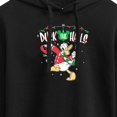 thumbnail image 3 of Disney - Duck The Halls - Juniors Cropped Pullover Hoodie, 3 of 5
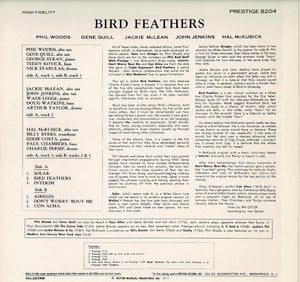 Phil Woods - Bird Feathers (LP Record / Used)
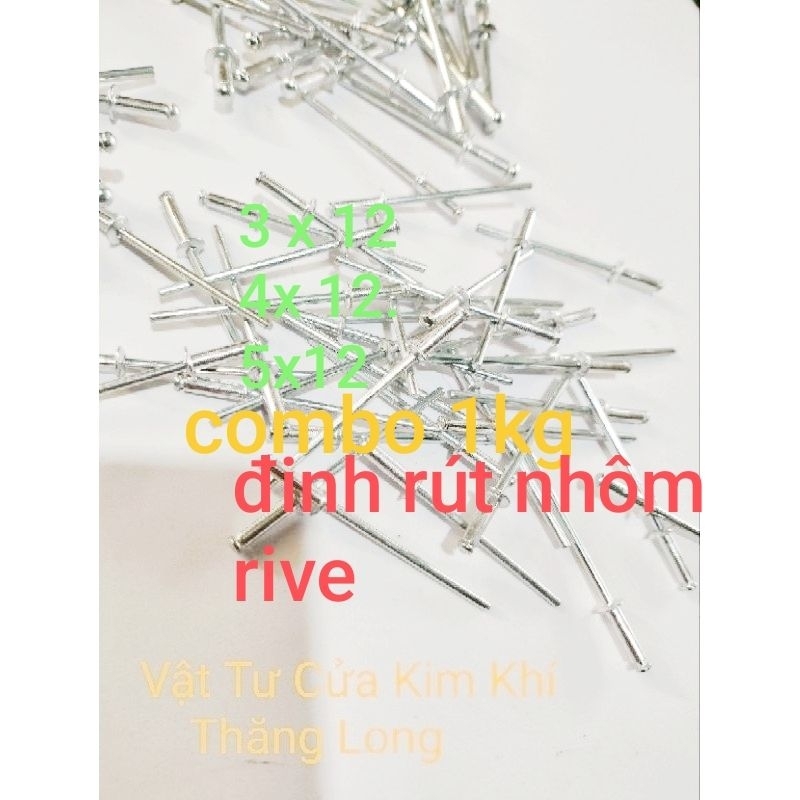 đinh rút rive đinh tán nhôm hay dùng chất lượng cao combo 1kg | Shopee ...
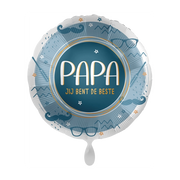 Folieballon Papa je bent de beste 45cm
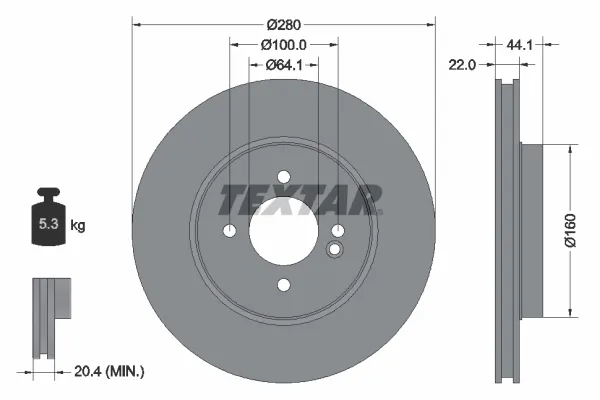 Disco do freio dianteiro MINI Cooper R56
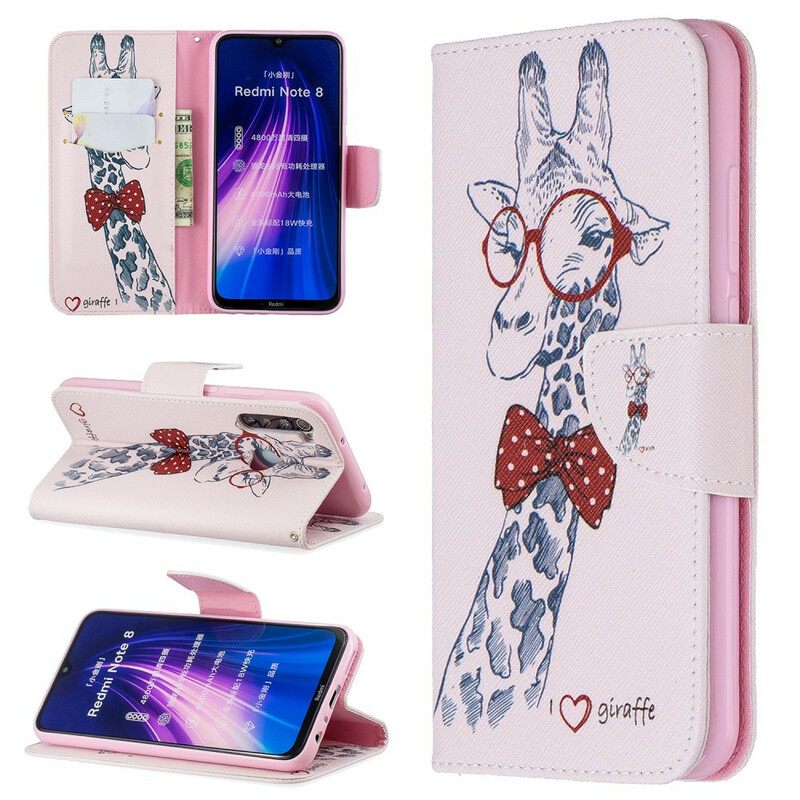 Kotelot Xiaomi Redmi Note 8 Brainy Giraffe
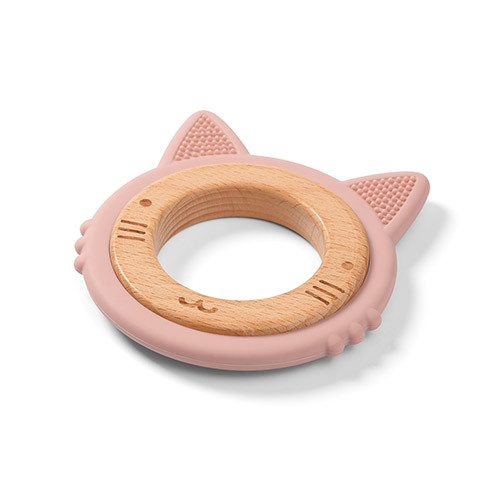 Прорезыватель силиконовый BPA-free с деревянными элементами BabyOno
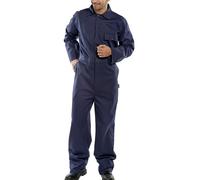 CLICK COTTON DRILL BOILERSUIT NAVY BLUE 42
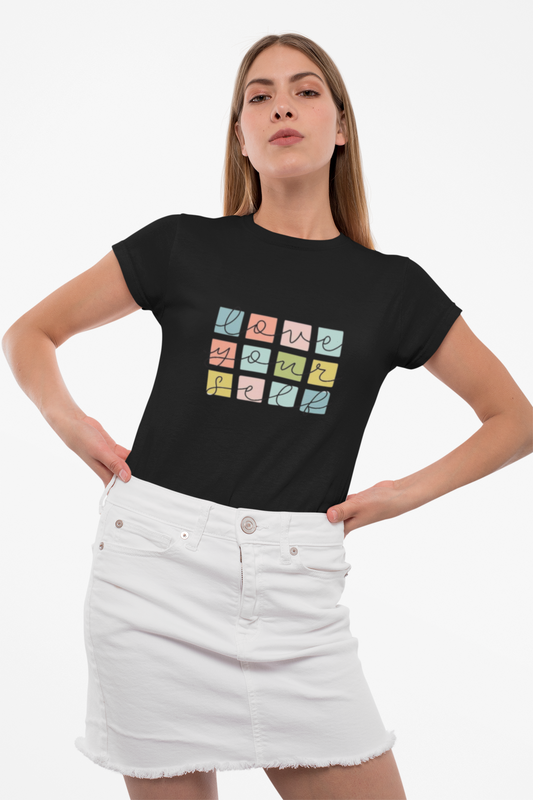 Love Yourself Printed T-Shirt – Empowering Self-Love Statement Tee
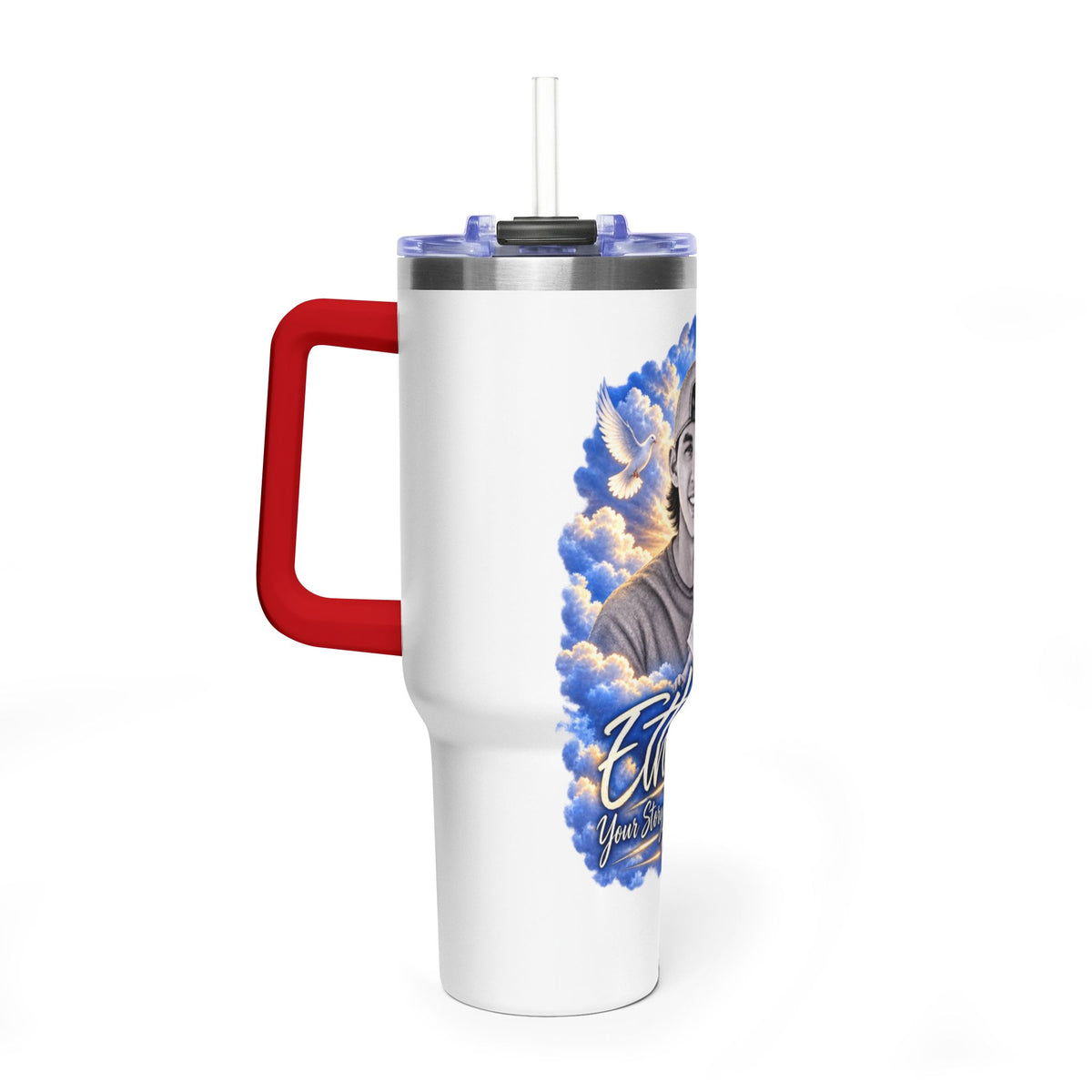 Memorial 40oz Tumbler - "Ethan" Personalized Tribute Vacuum Insulated Cup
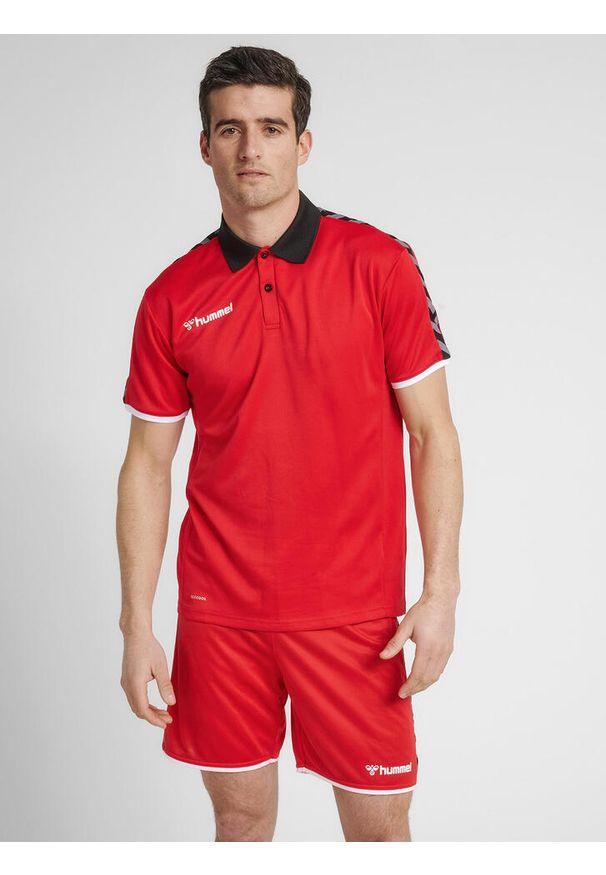 Polo Hummel hmlAUTHENTIC Functional. Typ kołnierza: polo. Kolor: czerwony, wielokolorowy, różowy. Sport: fitness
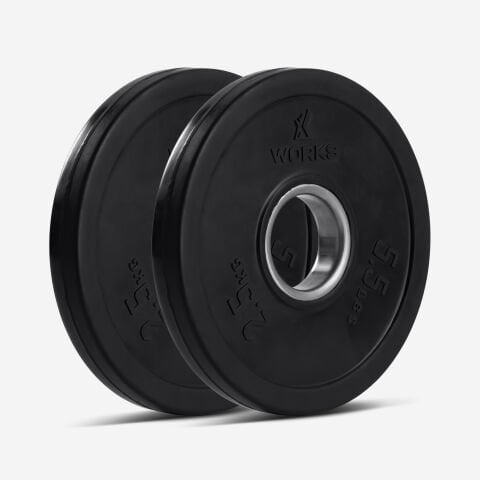 XWORKS Flanş Classic – Kauçuk Kaplamalı Ağırlık Plakası (Çift) (XW3400000)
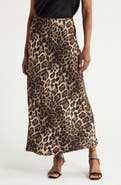 JASON WU Printed Maxi Bias Skirt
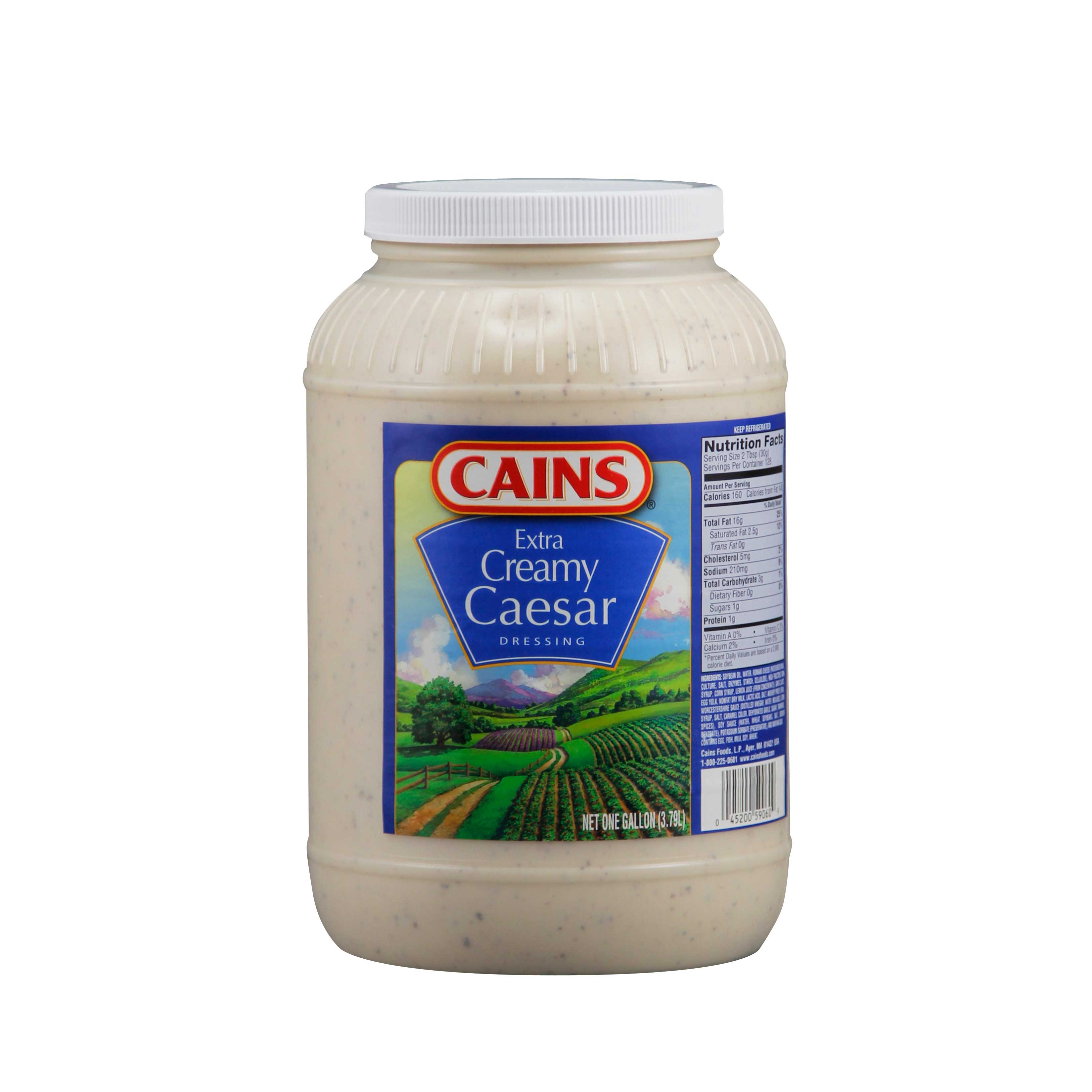 Cains Extra Creamy Caesar Dressing, 1 Gallon -- 4 per case.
========================================================================
Action item -> Without the pictures, copy out all the records above exactly.

Your solution ->
 thumbnail image 3 of Disney - Duck The Halls - Juniors Cropped Pullover Hoodie, 3 of 5
 Phil Woods - Bird Feathers (LP Record / Used)
 đinh rút rive đinh tán nhôm hay dùng chất lượng cao combo 1kg | Shopee ...
 Folieballon Papa je bent de beste 45cm
 Disco do freio dianteiro MINI Cooper R56
 Kotelot Xiaomi Redmi Note 8 Brainy Giraffe
 Прорезыватель силиконовый BPA-free с деревянными элементами BabyOno
 CLICK COTTON DRILL BOILERSUIT NAVY BLUE 42
 Love Yourself Printed T-Shirt – Empowering Self-Love Statement Tee
 Memorial 40oz Tumbler - "Ethan" Personalized Tribute Vacuum Insulated Cup
 Polo Hummel hmlAUTHENTIC Functional. Typ kołnierza: polo. Kolor: czerwony, wielokolorowy, różowy. Sport: fitness
 XWORKS Flanş Classic – Kauçuk Kaplamalı Ağırlık Plakası (Çift) (XW3400000)
 JASON WU Printed Maxi Bias Skirt
 Cains Extra Creamy Caesar Dressing, 1 Gallon -- 4 per case.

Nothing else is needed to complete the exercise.